■ **Saved entries**:

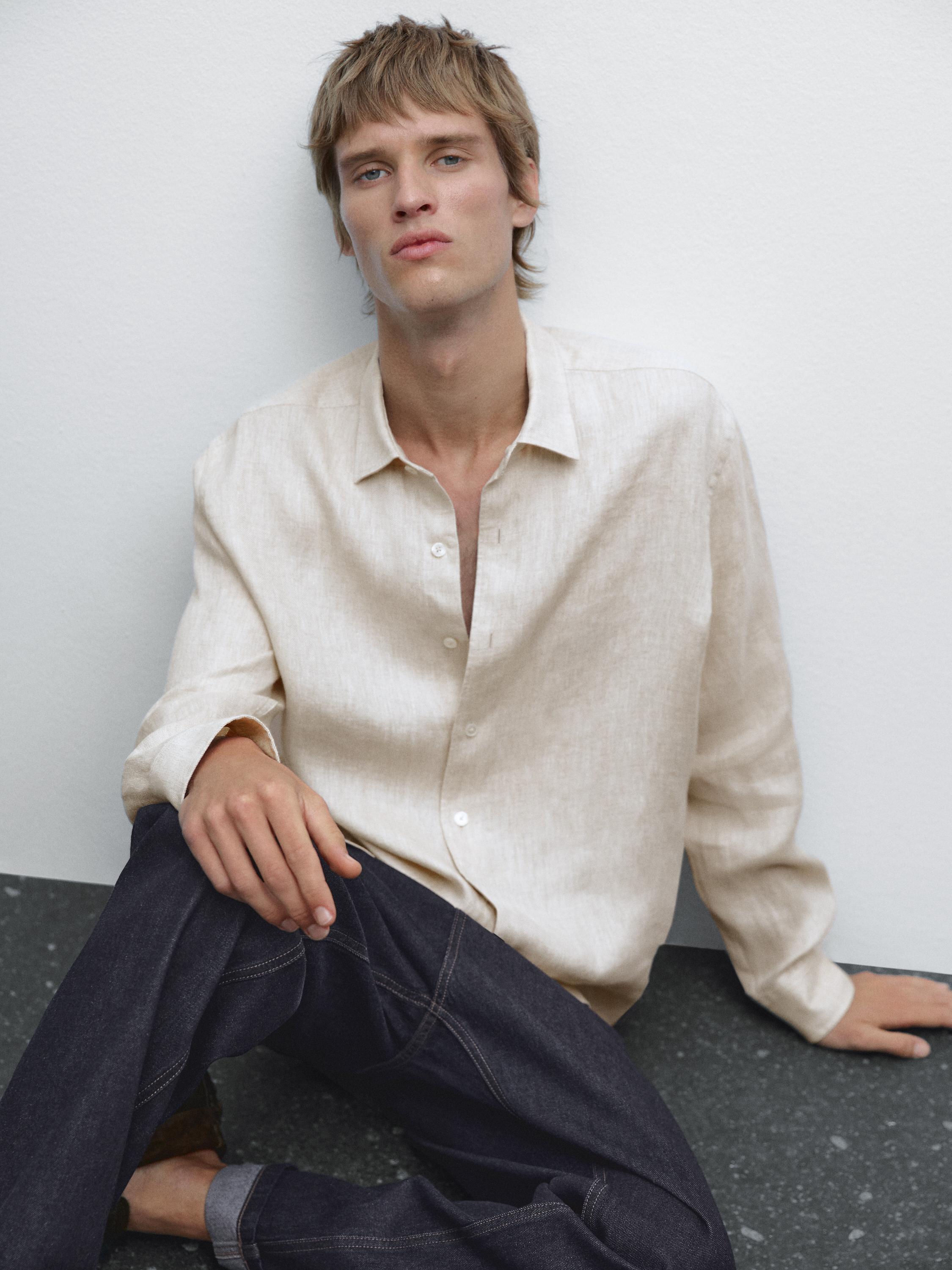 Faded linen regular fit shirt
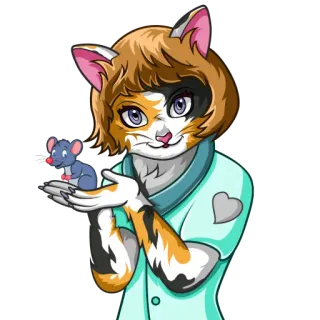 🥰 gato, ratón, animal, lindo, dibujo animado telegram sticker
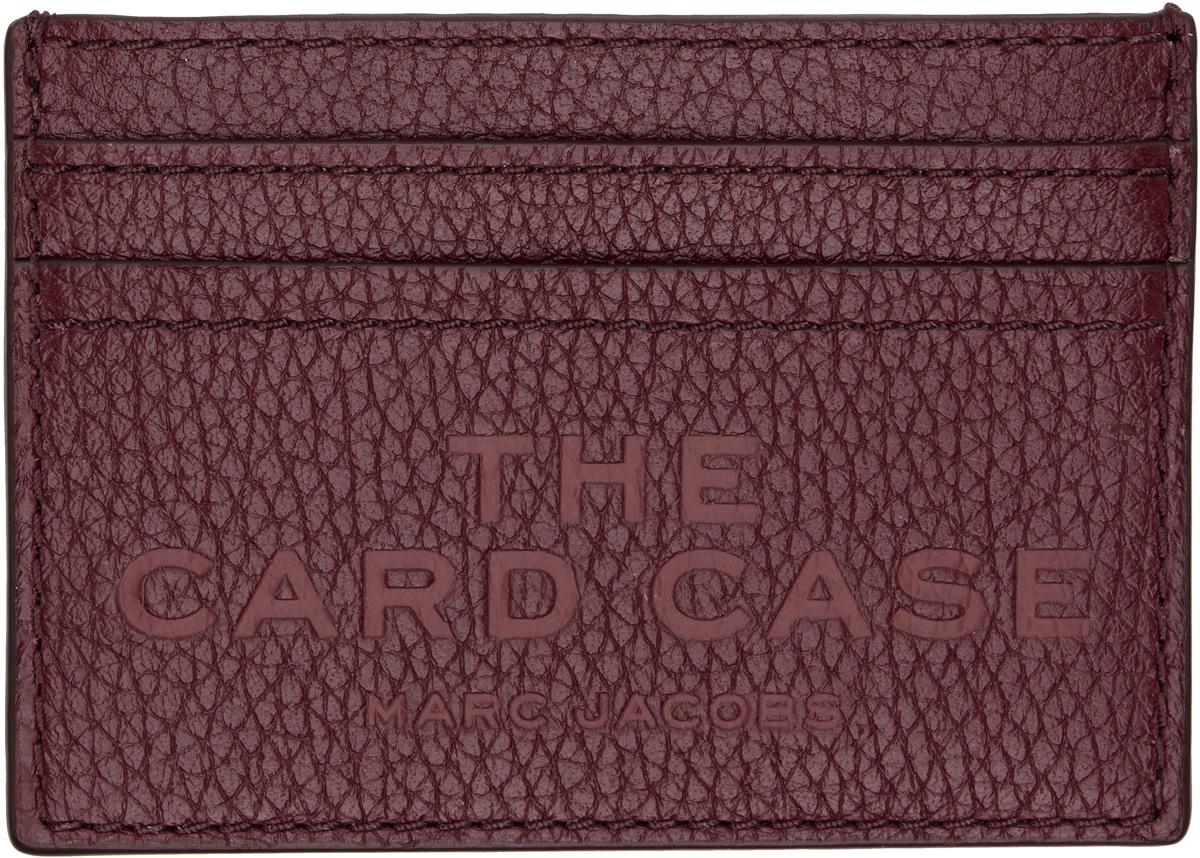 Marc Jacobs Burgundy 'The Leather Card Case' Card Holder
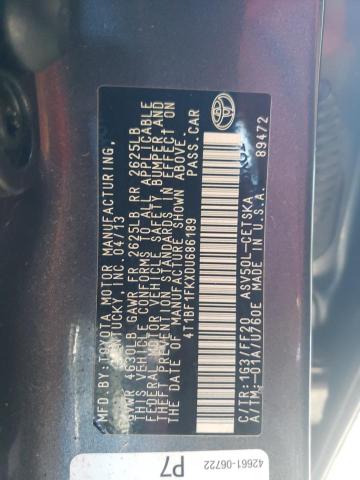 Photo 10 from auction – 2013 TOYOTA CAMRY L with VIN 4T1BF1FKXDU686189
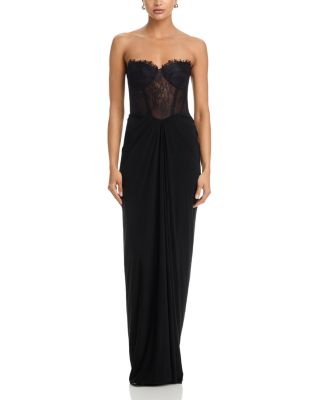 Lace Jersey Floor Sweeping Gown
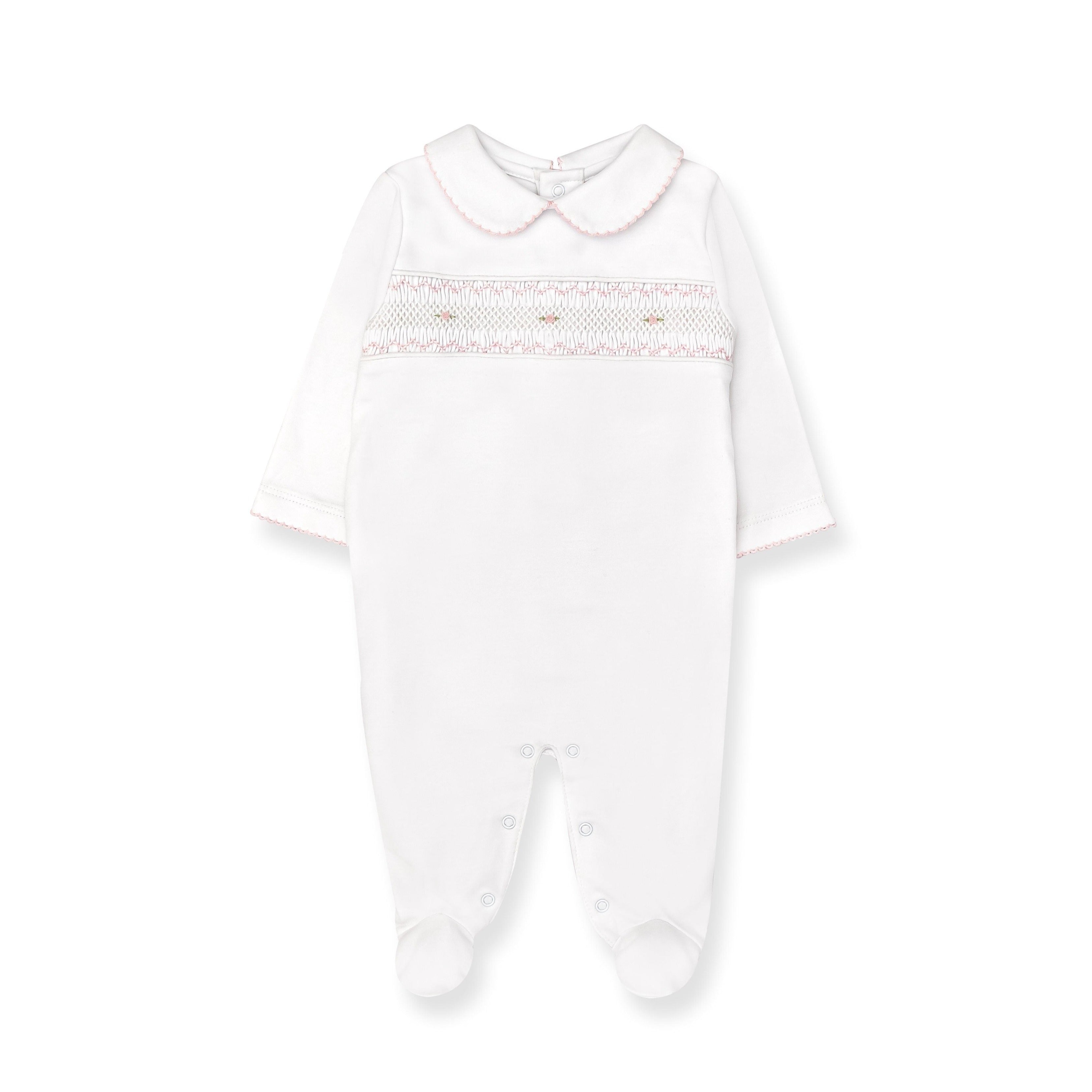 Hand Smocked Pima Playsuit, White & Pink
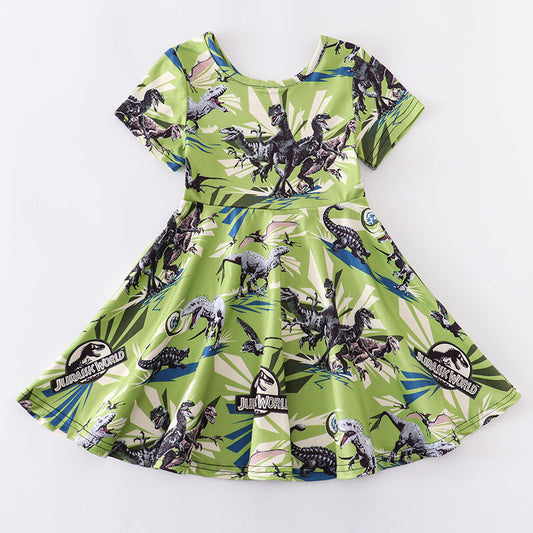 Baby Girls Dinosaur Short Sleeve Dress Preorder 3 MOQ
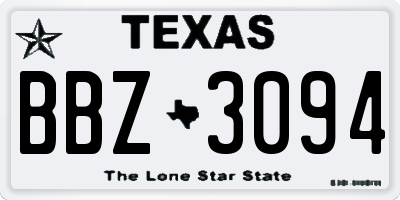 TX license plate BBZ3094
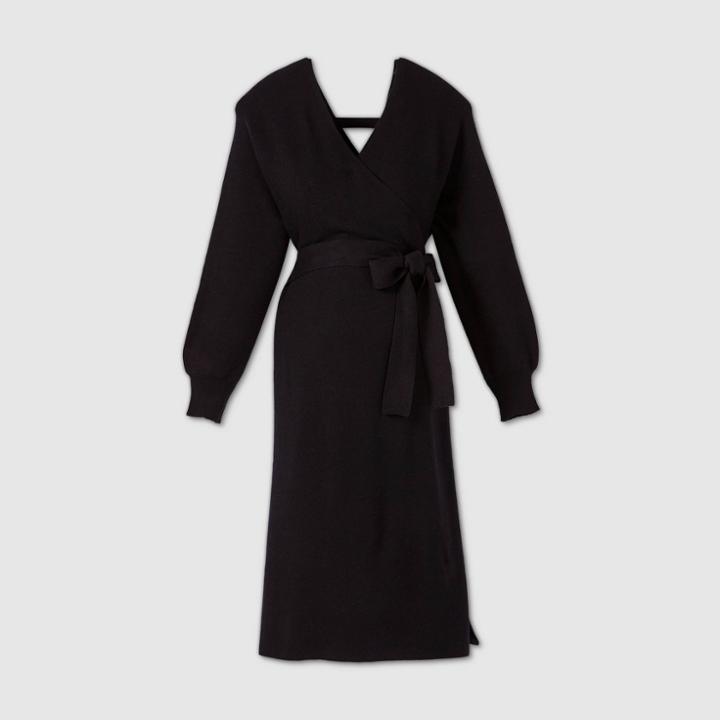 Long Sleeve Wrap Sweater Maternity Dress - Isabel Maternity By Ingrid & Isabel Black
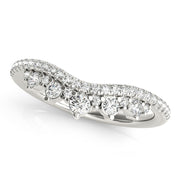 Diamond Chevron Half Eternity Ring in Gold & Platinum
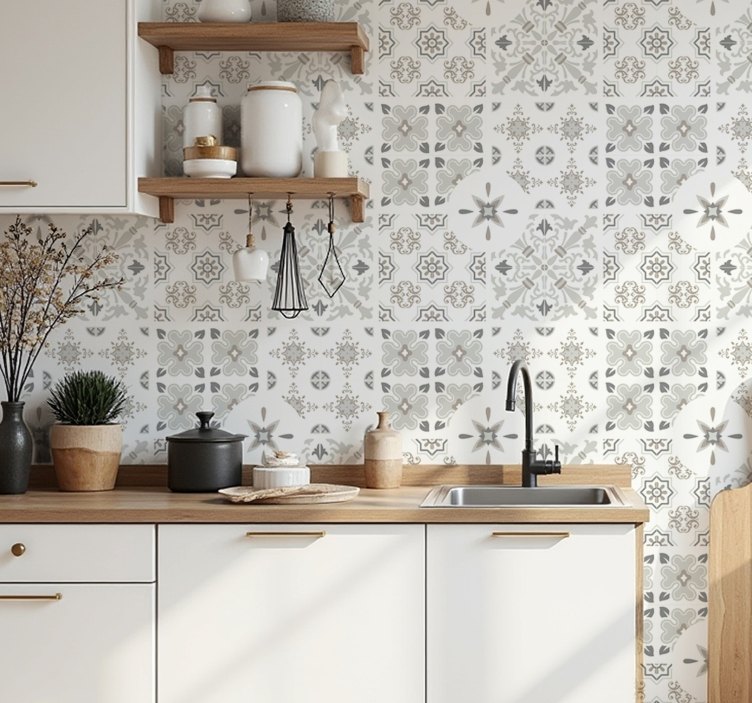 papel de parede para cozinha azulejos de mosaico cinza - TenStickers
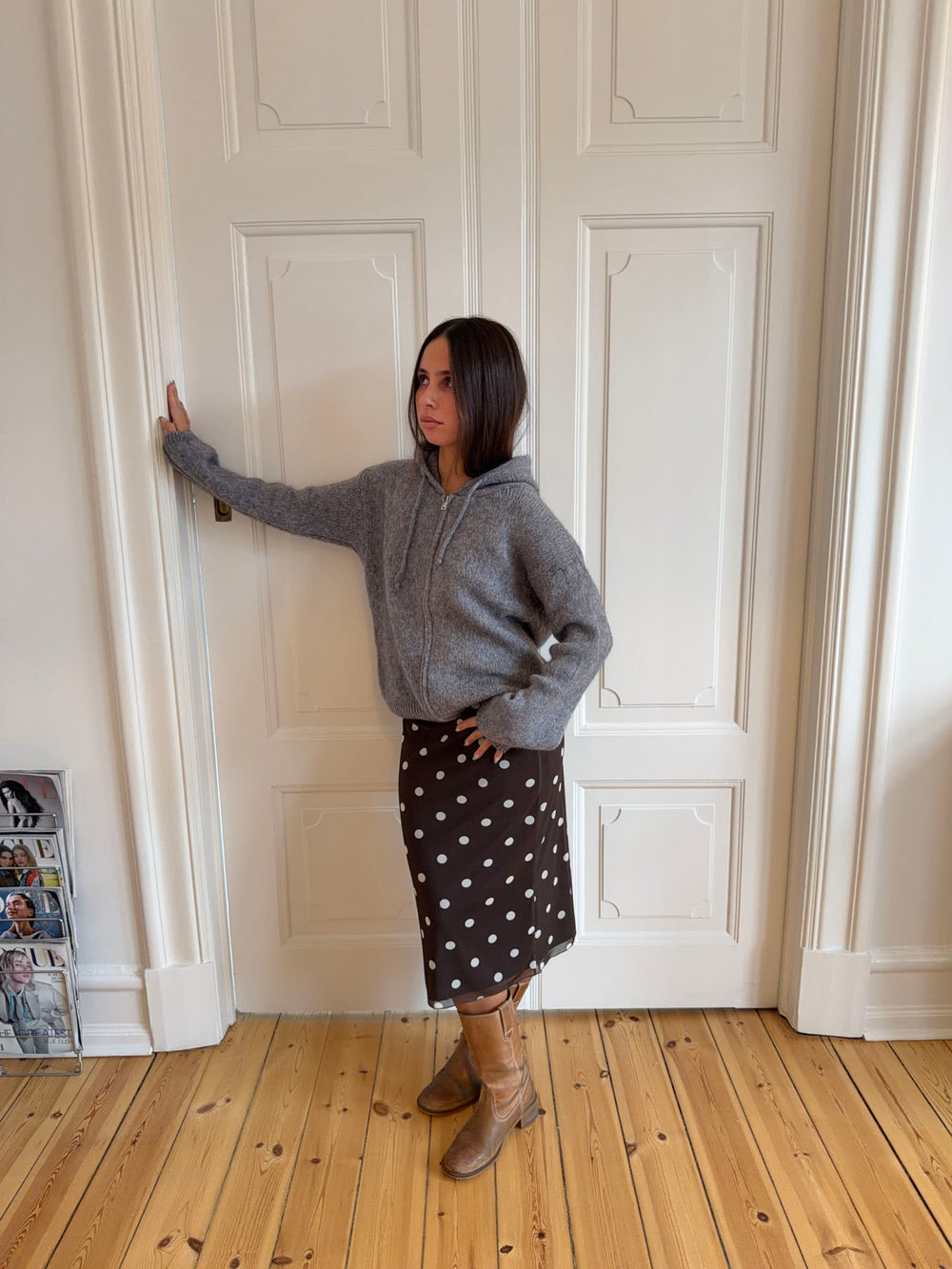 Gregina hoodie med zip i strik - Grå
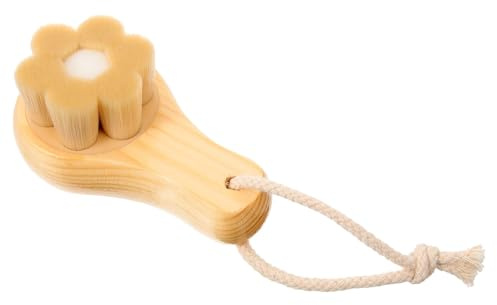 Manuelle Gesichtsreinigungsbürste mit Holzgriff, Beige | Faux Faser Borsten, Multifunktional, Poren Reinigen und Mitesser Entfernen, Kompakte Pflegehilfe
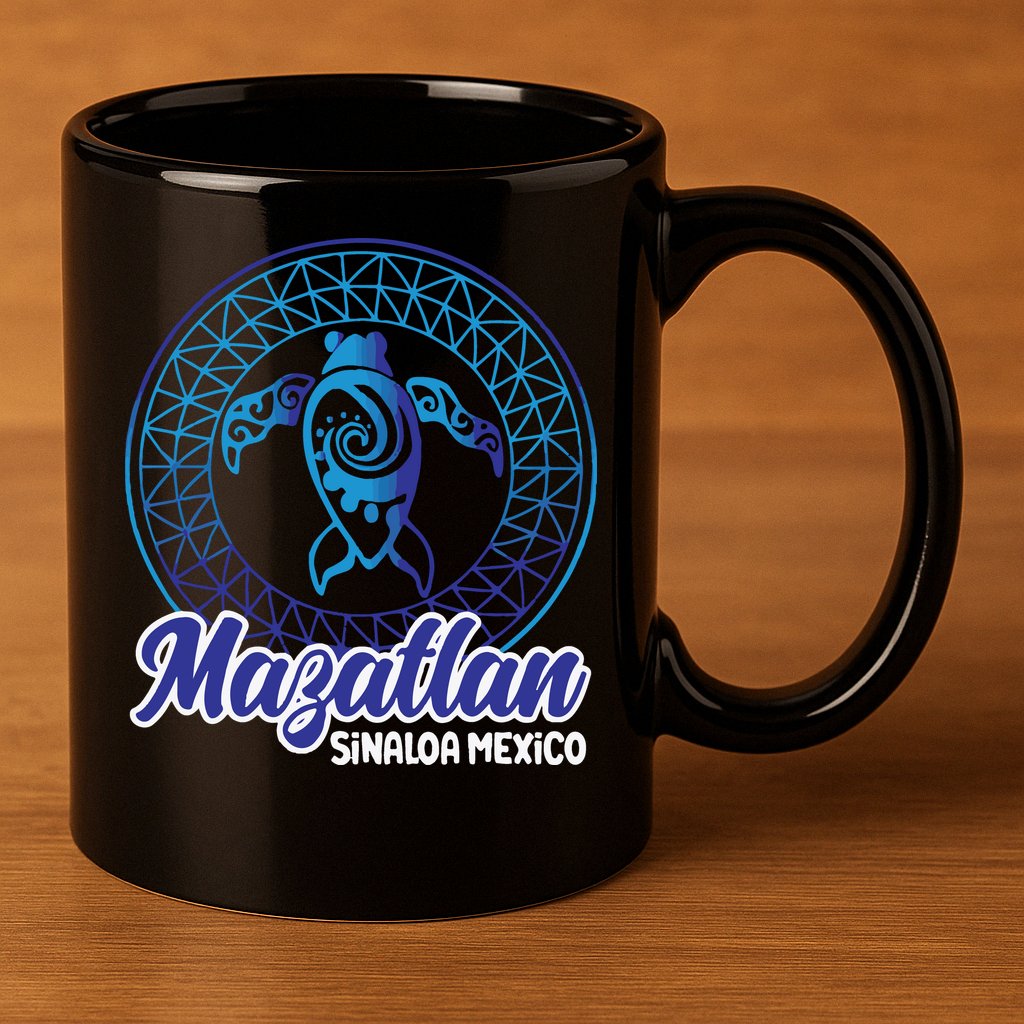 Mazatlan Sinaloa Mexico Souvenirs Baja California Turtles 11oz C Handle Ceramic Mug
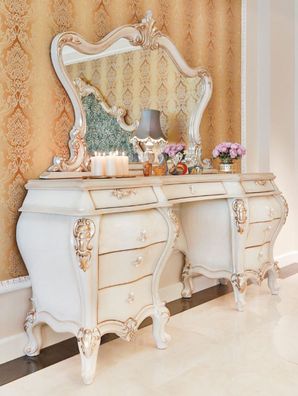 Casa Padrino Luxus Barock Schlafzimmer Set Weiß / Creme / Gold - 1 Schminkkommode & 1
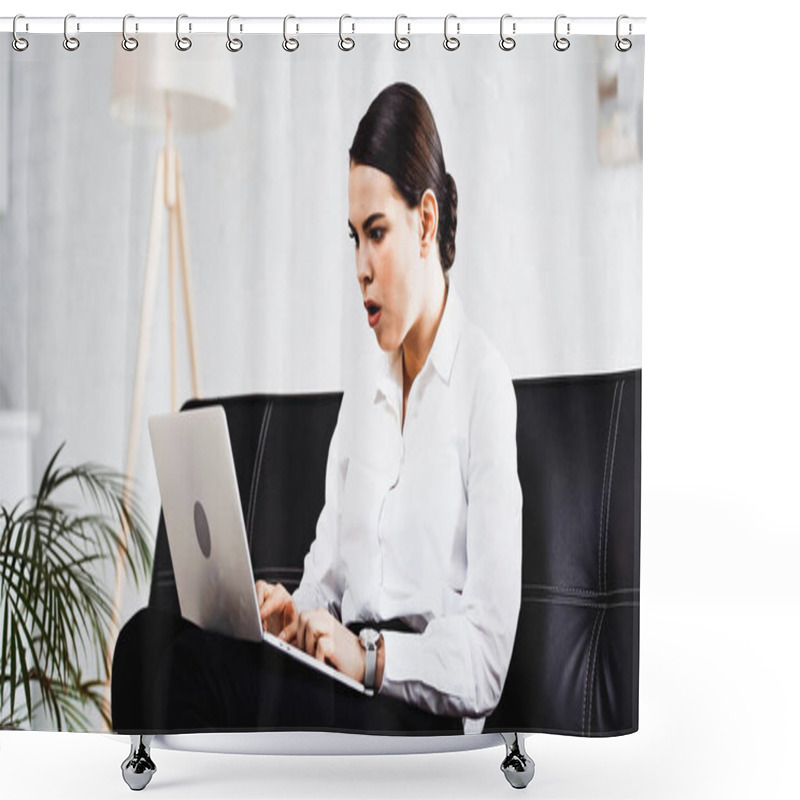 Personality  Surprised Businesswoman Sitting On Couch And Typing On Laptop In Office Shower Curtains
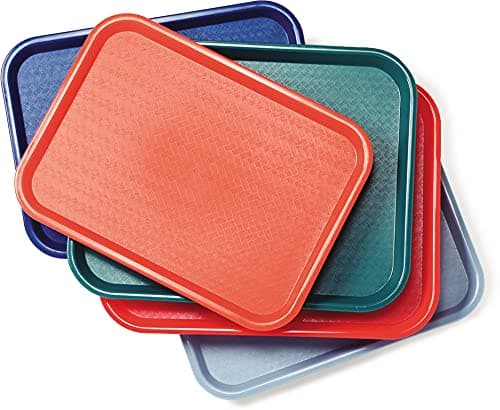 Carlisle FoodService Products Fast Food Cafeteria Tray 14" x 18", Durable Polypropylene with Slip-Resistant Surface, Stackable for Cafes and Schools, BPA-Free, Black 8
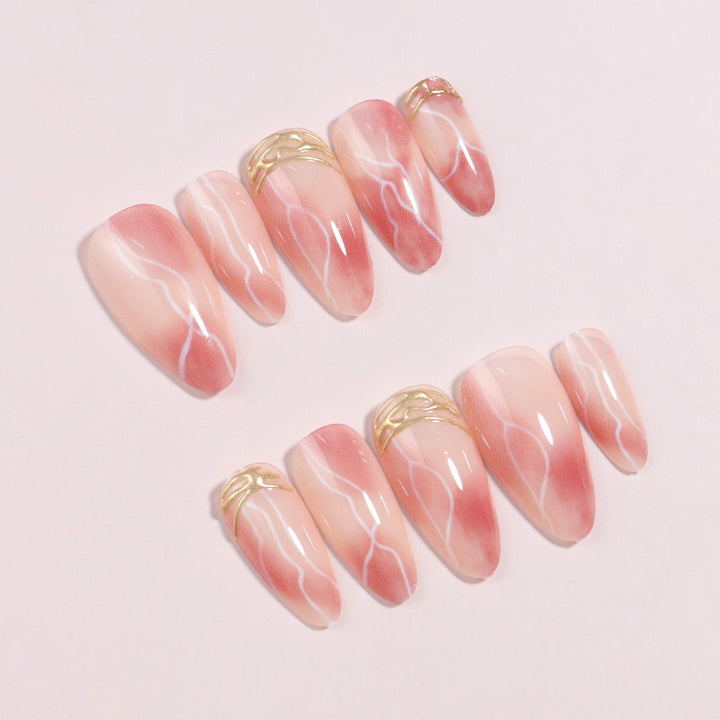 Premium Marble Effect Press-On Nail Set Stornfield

■ **What to do**: Omit the pictures and write out the remaining data exactly.

■ **Exercise answer**:
 Faded linen regular fit shirt
 🥰 gato, ratón, animal, lindo, dibujo animado telegram sticker
 Marc Jacobs Burgundy 'The Leather Card Case' Card Holder
 Photo 10 from auction – 2013 TOYOTA CAMRY L with VIN 4T1BF1FKXDU686189
 Lace Jersey Floor Sweeping Gown
 Hand Smocked Pima Playsuit, White & Pink
 Baby Girls Dinosaur Short Sleeve Dress Preorder 3 MOQ
 TX license plate BBZ3094
 Long Sleeve Wrap Sweater Maternity Dress - Isabel Maternity By Ingrid & Isabel Black
 Diamond Chevron Half Eternity Ring in Gold & Platinum
 papel de parede para cozinha azulejos de mosaico cinza - TenStickers
 Gregina hoodie med zip i strik - Grå
 Manuelle Gesichtsreinigungsbürste mit Holzgriff, Beige | Faux Faser Borsten, Multifunktional, Poren Reinigen und Mitesser Entfernen, Kompakte Pflegehilfe
 Mazatlan Sinaloa Mexico Souvenirs Baja California Turtles 11oz C Handle Ceramic Mug
 Casa Padrino Luxus Barock Schlafzimmer Set Weiß / Creme / Gold - 1 Schminkkommode & 1
 Personality  Surprised Businesswoman Sitting On Couch And Typing On Laptop In Office Shower Curtains
 Carlisle FoodService Products Fast Food Cafeteria Tray 14" x 18", Durable Polypropylene with Slip-Resistant Surface, Stackable for Cafes and Schools, BPA-Free, Black 8
 Premium Marble Effect Press-On Nail Set Stornfield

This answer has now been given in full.